The IAB Tech Lab on Thursday began fleshing out its plan to change the way ad companies track consumers online.
In the world envisioned by the IAB Tech Lab, ad companies would move from a system that relies on cookies to one that relies on “identifiers” provided by browser developers.
The IAB Tech Lab and self-regulatory group Network Advertising Initiative say in a new 13-page proposal that a single identifier would speed up the web by “supplanting thousands of proprietary cookie-based identifiers and 'trackers,'” while also giving consumers long-lasting privacy controls.
“A standardized user token in browser environments would eliminate the need for 'cookie syncing' across 1000s of proprietary cookies, a process that noticeably impacts consumer experience via increased page load times, and introduces 100s of third parties onto sites where they do not need to be present,” the groups write. “This standardized token would not need to log or store any data itself outside of consumer preference signals, and would be designed solely as a persistent mechanism to store, communicate, and adhere to consumer preferences.”
The groups acknowledge that this plan will only work if the major browser developers -- including Mozilla and Apple -- agree to create identifiers.
At this point, it seems unlikely those companies would do so, particularly given their recent moves to thwart tracking. This summer, Mozilla's Firefox began automatically blocking tracking cookies that follow people from site to site, and Google said its Chrome browser will soon allow consumers to automatically block those kinds of cookies.
Apple's Safari has long blocked tracking cookies by default. The company reportedly has already indicated that it isn't interested in the IAB Tech Lab's proposal.
It's worth noting that browser manufacturers already developed a mechanism for consumers to protect their privacy preferences -- do-not-track headers. Those headers allowed people to communicate that they didn't want ad-tech companies to follow them around the web.

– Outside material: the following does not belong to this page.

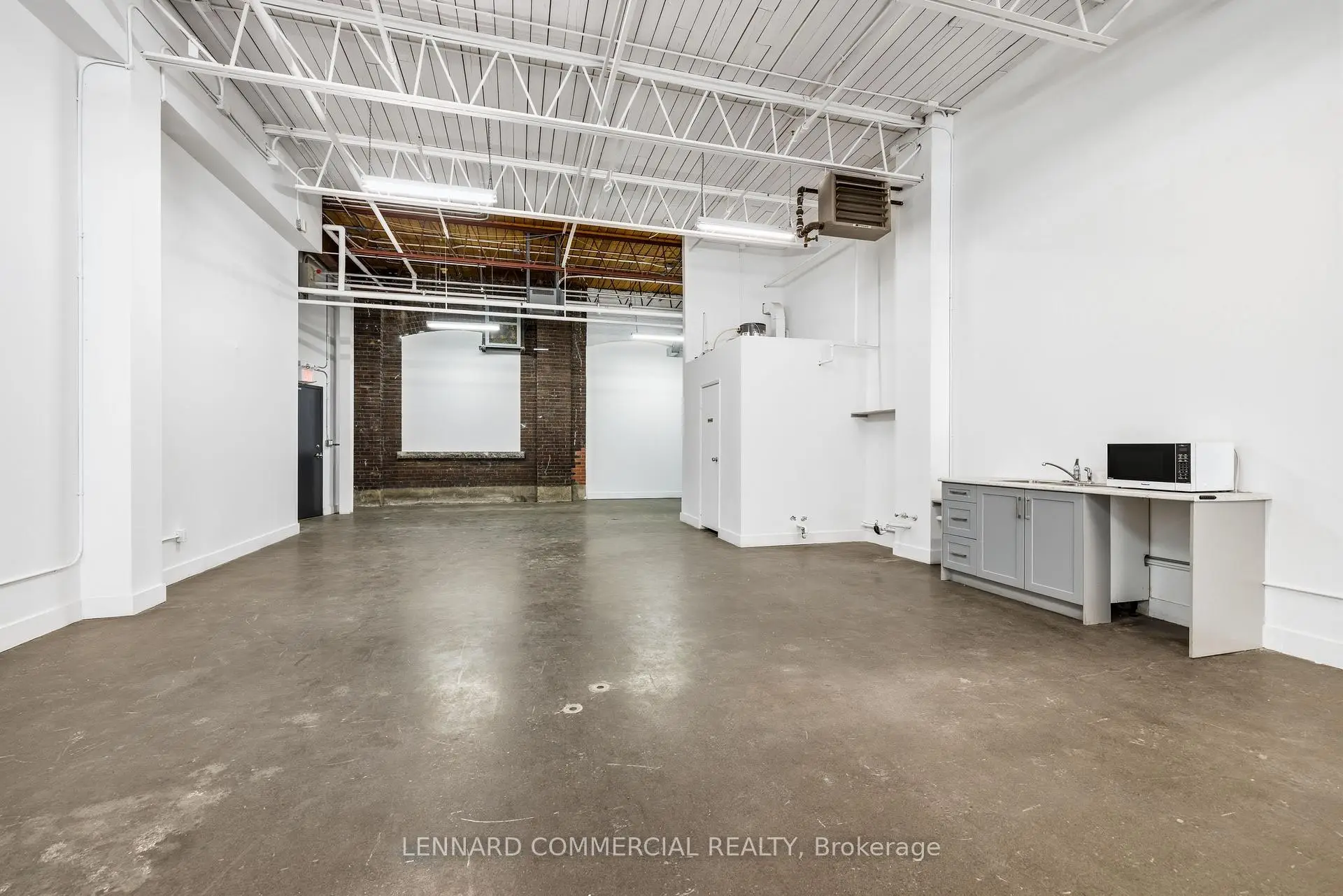 Commercial for lease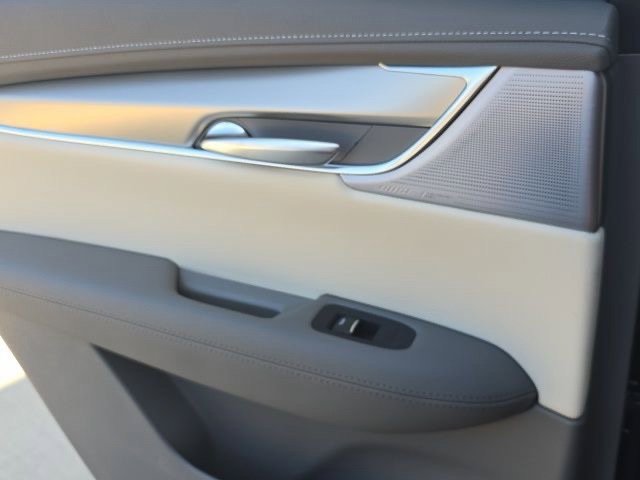 New 2026 Cadillac XT5 Premium Luxury w/ LPO, Floor Liner Package FWD image 22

The ad industry self-regulatory group Digital Advertising Alliance initially said it would require members to honor the headers, but later reversed course.
Before the ad industry abandoned the do-not-track effort, it participated in contentious talks with privacy advocates, computer scientists and academics about how to interpret the signals. The industry was never able to agree with watchdogs about basic privacy principles -- including what type of data could be collected from people who turned on a do-not-track signal.
The ad industry's current self-regulatory standards say companies should stop serving targeted ads to consumers who opt out. But the industry's codes don't generally give consumers control over whether their web-browsing data is collected.
At this point, it's not known what privacy options the IAB Tech Lab and NAI envision for consumers. The groups float some potential requirements -- including giving consumers the ability to control whether data can be used for “measurement or personalized advertising” -- but say they are putting off discussion of those issues for now.
Questions about consumers' privacy rights “are too important to consider without additional perspective (outside our industry) at the table,” the groups write.